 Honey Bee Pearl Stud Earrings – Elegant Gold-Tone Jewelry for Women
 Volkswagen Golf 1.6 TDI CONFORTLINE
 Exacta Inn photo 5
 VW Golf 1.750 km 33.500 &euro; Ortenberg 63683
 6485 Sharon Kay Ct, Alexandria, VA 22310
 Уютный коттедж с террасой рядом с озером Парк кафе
...
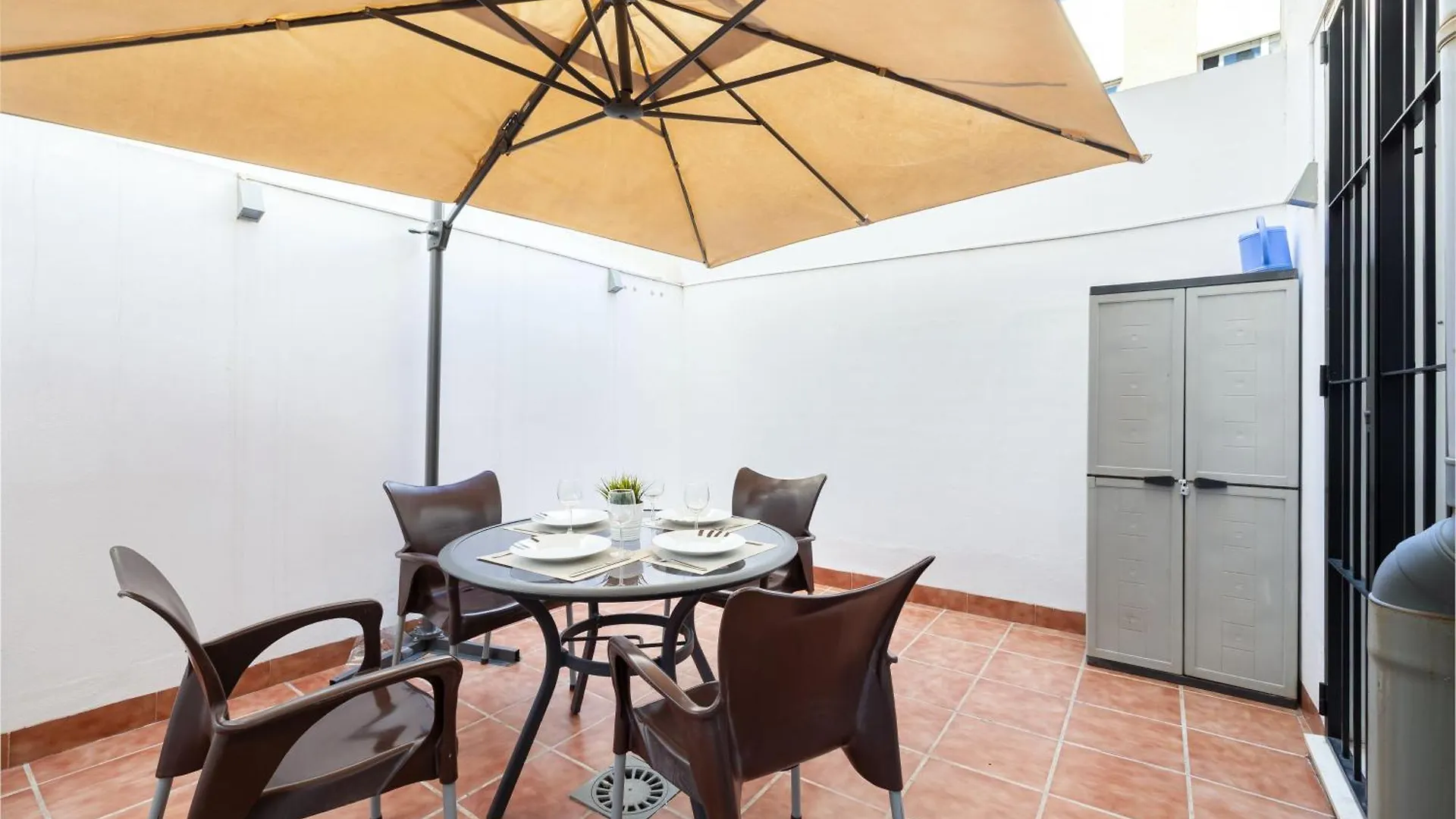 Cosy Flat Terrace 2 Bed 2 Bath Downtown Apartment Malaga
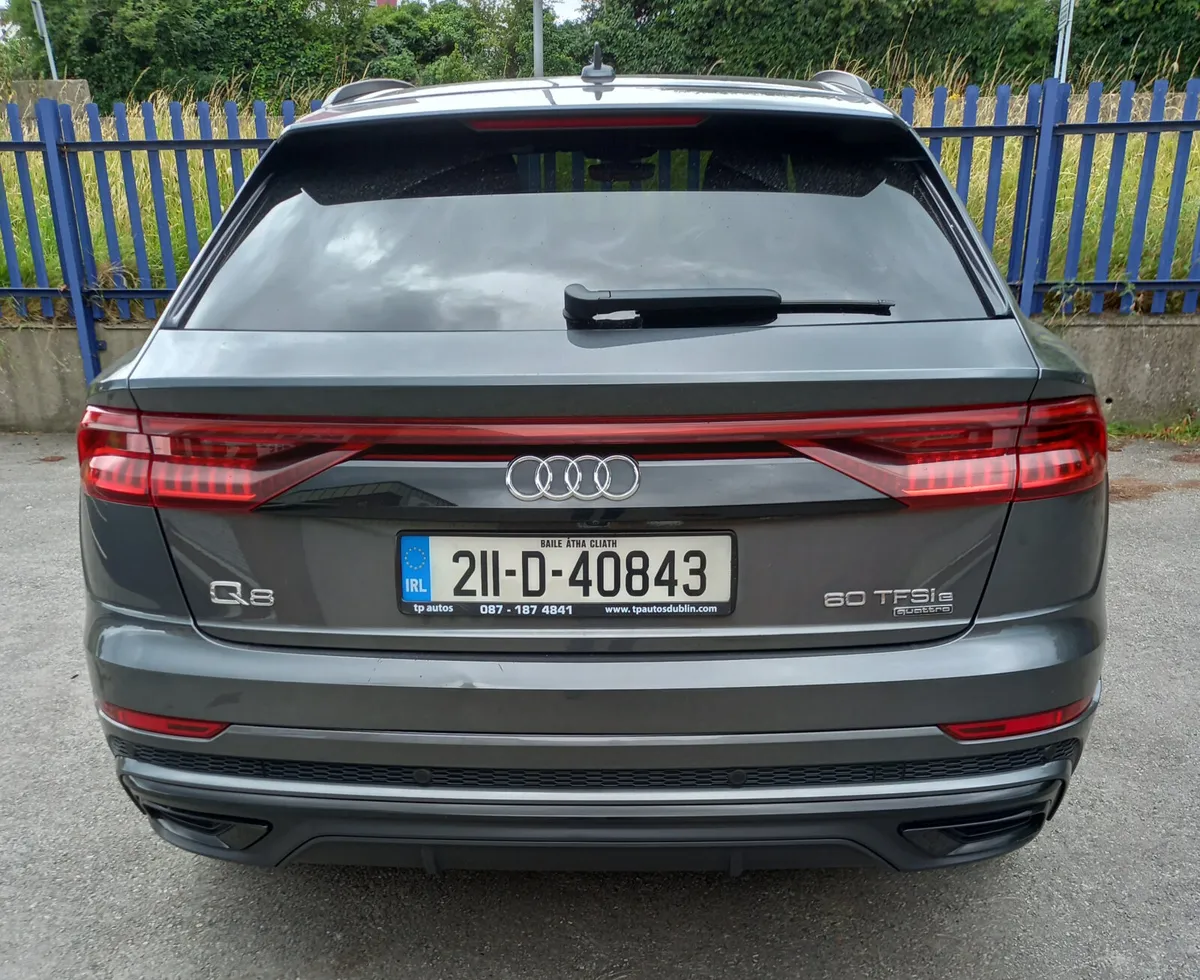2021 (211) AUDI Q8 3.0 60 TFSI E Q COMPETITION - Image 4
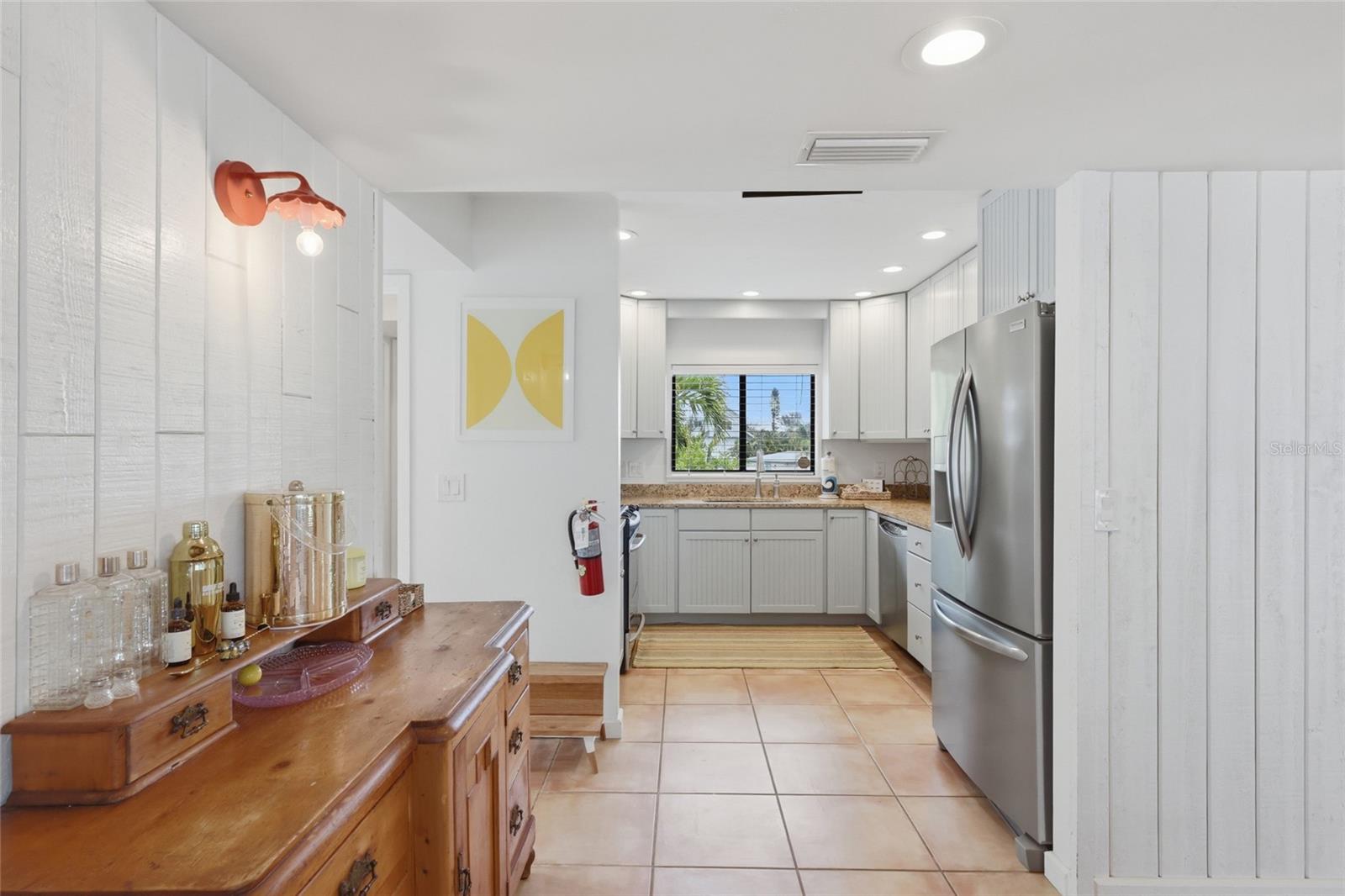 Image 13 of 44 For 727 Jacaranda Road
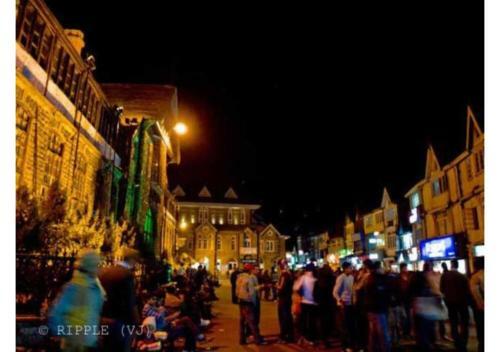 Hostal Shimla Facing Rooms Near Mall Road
---
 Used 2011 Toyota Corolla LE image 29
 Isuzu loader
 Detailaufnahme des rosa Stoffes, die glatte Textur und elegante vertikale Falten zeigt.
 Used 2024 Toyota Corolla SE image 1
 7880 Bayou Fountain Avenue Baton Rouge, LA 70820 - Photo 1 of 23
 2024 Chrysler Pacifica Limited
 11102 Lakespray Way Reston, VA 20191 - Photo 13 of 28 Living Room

## ASSIGNED TASK
Begin at the line above that has "Volkswagen Golf 1.6 TDI CONFORTLINE" and stop after the line that has "Уютный коттедж с", copying each line exactly and adding nothing else.

## TASK ANSWER
 Volkswagen Golf 1.6 TDI CONFORTLINE
 Exacta Inn photo 5
 VW Golf 1.750 km 33.500 &euro; Ortenberg 63683
 6485 Sharon Kay Ct, Alexandria, VA 22310
 Уютный коттедж с террасой рядом с озером Парк кафе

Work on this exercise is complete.